I'm trying to post more here lately as it would seem that since moving to Vancouver, my posts have been more and more sparsely scattered about the month. To that end, here's a quickie post regarding my relatively good day:

I had my review today. Good news: they like my work, and they're giving me a raise (w00t!) The only somewhat negative thing the boss mentioned was how I didn't know enough about Drupal yet. I can understand her position really, I mean, a large portion of our legacy code is in that horrible framework, so it only makes sense that as a senior developer, I know my way around it. I guess I'll just have to take a deep breath, bash my head in with a crowbar, and work from there. ^_^

Anyway, aside from the good review, I found a new sandwich shop in the area that serves giganimous sandwiches, and then discovered some left over birthday cake in the office fridge. This, coupled with the fact that I got a big chunk of work done today (and documented!) made me happy with my current form of employment.

I also fielded a 1hour call with a University student out of Windsor, Ontario to give him some background on the TPSC's CCTV campaign back when I was running the show. That was a bit of nostalgic fun -- kinda like talking to the press, but you can be a little more candid since you know that you're not talking to the uninformed public, but rather a well-read academic.

And then, to top it all off, I came home to a clean apartment AND new groceries in the fridge! Butthead had been hard at work and it showed. Having a roomate might not be so bad after all ;-) He's making a lot of progress with his own life lately though. I'm really quite proud of him.

March 12, 2008 21:25 +0000  |  Drupal Programming 1

I'm finally understanding what it's like to write code for Drupal.
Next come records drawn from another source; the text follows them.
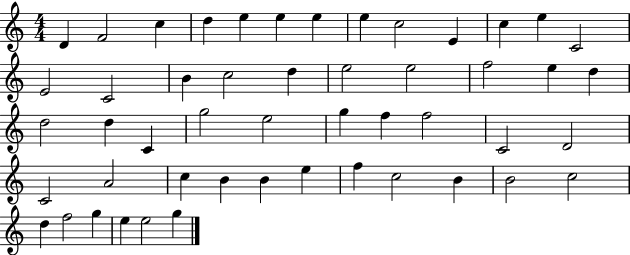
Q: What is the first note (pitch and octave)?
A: D4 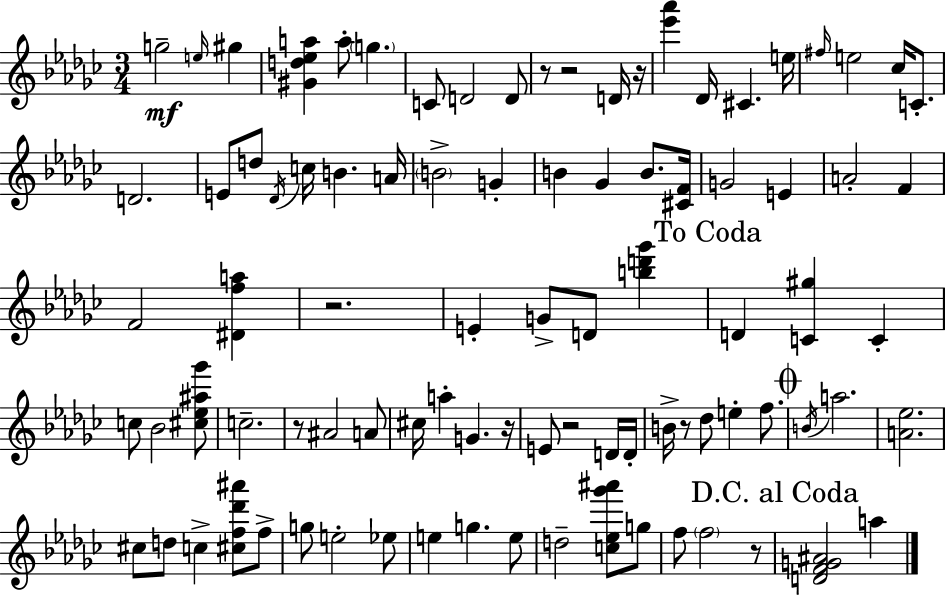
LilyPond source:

{
  \clef treble
  \numericTimeSignature
  \time 3/4
  \key ees \minor
  g''2--\mf \grace { e''16 } gis''4 | <gis' d'' ees'' a''>4 a''8-. \parenthesize g''4. | c'8 d'2 d'8 | r8 r2 d'16 | \break r16 <ees''' aes'''>4 des'16 cis'4. | e''16 \grace { fis''16 } e''2 ces''16 c'8.-. | d'2. | e'8 d''8 \acciaccatura { des'16 } c''16 b'4. | \break a'16 \parenthesize b'2-> g'4-. | b'4 ges'4 b'8. | <cis' f'>16 g'2 e'4 | a'2-. f'4 | \break f'2 <dis' f'' a''>4 | r2. | e'4-. g'8-> d'8 <b'' d''' ges'''>4 | \mark "To Coda" d'4 <c' gis''>4 c'4-. | \break c''8 bes'2 | <cis'' ees'' ais'' ges'''>8 c''2.-- | r8 ais'2 | a'8 cis''16 a''4-. g'4. | \break r16 e'8 r2 | d'16 d'16-. b'16-> r8 des''8 e''4-. | f''8. \mark \markup { \musicglyph "scripts.coda" } \acciaccatura { b'16 } a''2. | <a' ees''>2. | \break cis''8 d''8 c''4-> | <cis'' f'' des''' ais'''>8 f''8-> g''8 e''2-. | ees''8 e''4 g''4. | e''8 d''2-- | \break <c'' ees'' ges''' ais'''>8 g''8 f''8 \parenthesize f''2 | r8 \mark "D.C. al Coda" <d' f' g' ais'>2 | a''4 \bar "|."
}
Essentially, you have to imagine the least efficient way of doing something, then look for how to do that... 'cause that's exactly what Drupal does.

I mean, why would anyone want to create additional columns to a user table when they could just put a bunch of serialised data into a string in the user table? It's just so easy! Why didn't I think of that?

Oh, right, 'cause I'm not insane.

January 31, 2008 05:14 +0000  |  Drupal Employment Perl Reinvent Work [at] Play 8

Those of you who aren't privy to my less-than-public posts, you might wonder what the heck happened to Reinvent and why I'm suddenly talking about The Donat Group. Obviously, it's probably a Bad Idea to talk about the nuts and bolts of it all publically, but here's the gist in my generation's favourite format: point form.

  • Reinvent is a fun company with lots of smart people
  • It's also run by management that feels that expanding their business into Software patents makes for an acceptable business model.
  • I disagreed. I've worked for a lot of companies who did things I felt were Not Good, but there are a few things I won't do... supporting software patents is one of them.
  • So I went looking for a company whose morals where more in tune with my own and I found one in The Donat Group.
  • I handed in my resignation, offered to work 2weeks before I left and they declined. I guess the brass weren't happy with me.
  • I started at Donat today and they seem pretty cool. Very dot.com startup-like but with actual paying clients.
  • They like Drupal though, which from what I've seen, is really not good. My first impressions of Drupal is that it's a bunch of non-programmers pretending that they can write real software. Function and variable names bleeding into everything else, no objects, and horror of all horrors: their coding standard requires a two-space indent.

I made a work around for the back-assward indenting thing though. I call it undrupal. Basically it uses a regular expression to strip out the space-based indents and replace them with tabs. Then you can write your code in a sane environment, then use the same script to re-crazy it with spaces again.

Ok, so my first day didn't exactly have me neck-deep in super-advanced code, but hey, it's the first day. I'm really looking forward to this job though, the boss is pretty cool and his politics are more in line with my own, and even more fun is the fact that I'm now labled "Senior Developer" and I'll be able to actually head up new projects and such.

That's it for me now. If you want more details, just gimme a call.